Loretta Smith Wants Royce City ISD Students to Know They Care
Through monthly food distributions and Care Closets, Loretta works to ensure every student has access to nutritious meals.

Running Royce City ISD’s School Pantry program was never part of Loretta Smith’s job description.
But when she learned how many students were arriving for class hungry, Loretta says she knew she had to do something. She was recognized for her work on June 13 at North Texas Food Bank’s Taste! At the Star event.
“It’s been placed on my heart to do this,” says Loretta, who serves as an administrative assistant to multiple departments in the district. “This is what I look forward to.”
Royce City ISD used to have a program that provided students facing hunger with bags of food to take home over the weekend. When they lost that program, she and her peers knew the need still existed. They connected with the North Texas Food Bank and Loretta took charge of implementing a School Pantry program across the district.
“It’s about taking that gap and making it smaller and letting them know we really do care,” she says.
That was less than two years ago, and Loretta has since grown the School Pantry program into an impactful service that reaches children starting at the district’s early childhood center all the way up to its high school.

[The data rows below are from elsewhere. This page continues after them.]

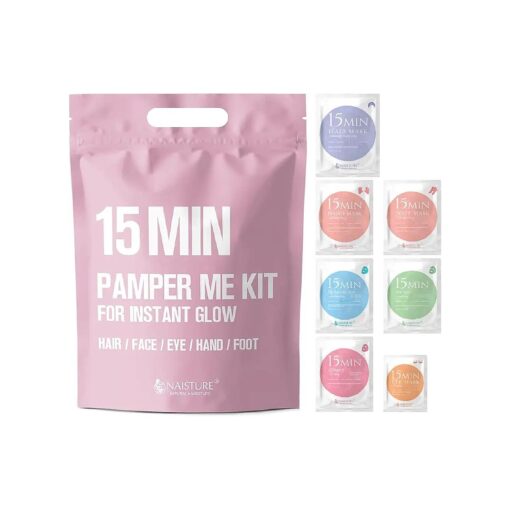 15 MIN PAMPER ME KIT FOR INSTANT GLOW - Hair Mask, Face Mask, Eye Mask, Hand Mask, Foot Mask Set for Skincare & Beauty Special Home Spa Skin Care Treatment ( 7 Packs )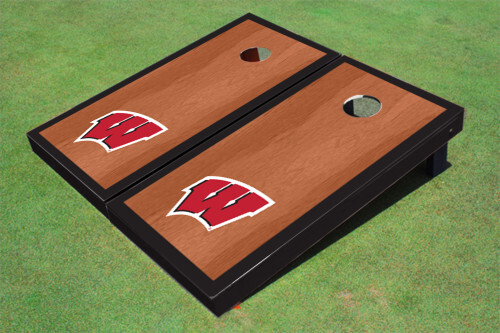 Wisconsin Badgers Rosewood Cornhole Boards with Matching Borders  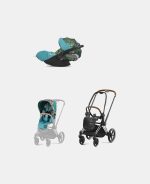 Carucior 2 in 1 Parte Sport Carucior Priam Design Collaborations We The Best + Cadru Carucior pentru Copii Priam Chrome Brown + Scoica Auto CLOUD T I-SIZE WE THE BEST BLUE | mid turquoise Cybex Platinum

With the help of student and staff volunteers, Loretta hosts monthly drive-through food distributions that serve students and their families, teachers and the greater community. If someone can’t drive to the distribution, Loretta works with the district’s bus drivers to deliver food to them, or she drops it off herself.
She notes that along with students, they serve hard-working faculty members who are struggling with the same higher cost of living, as well as older adults in the community trying to get by on fixed incomes. They’re now serving around 240 families each month.

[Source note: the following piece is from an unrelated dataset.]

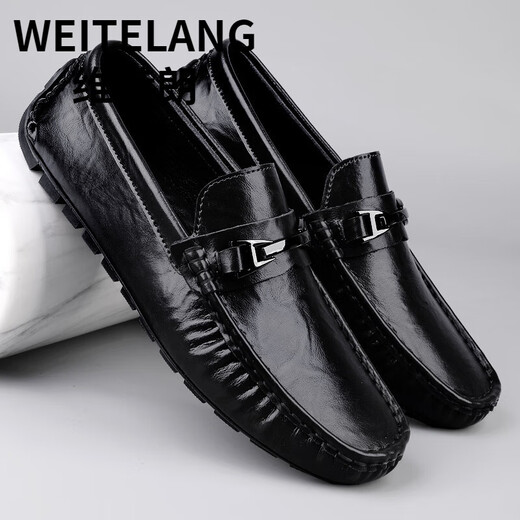 WEITELANG维特朗2025新款男士豆豆鞋软底耐磨透气驾车鞋休闲皮鞋男一脚蹬懒人 MT9921黑色 38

In addition to the distributions, Royce City ISD has set up “Care Closets” at its campuses where school counselors can take students and provide them with bags full of food to take home. Loretta says the food is put into backpacks so that students can pick up food without any of their peers ever having to know they needed assistance.
Loretta says she hears almost daily from teachers who are seeing a positive difference in students because of the pantry program. She’s hopeful they’re creating a climate where families know they can ask the district for support whenever they need it. After all, they’re all there with the same goal: helping children succeed.
“It makes a huge difference for the kids,” she says. “I’m just so thankful the North Texas Food Bank has given us the opportunity to serve our community.”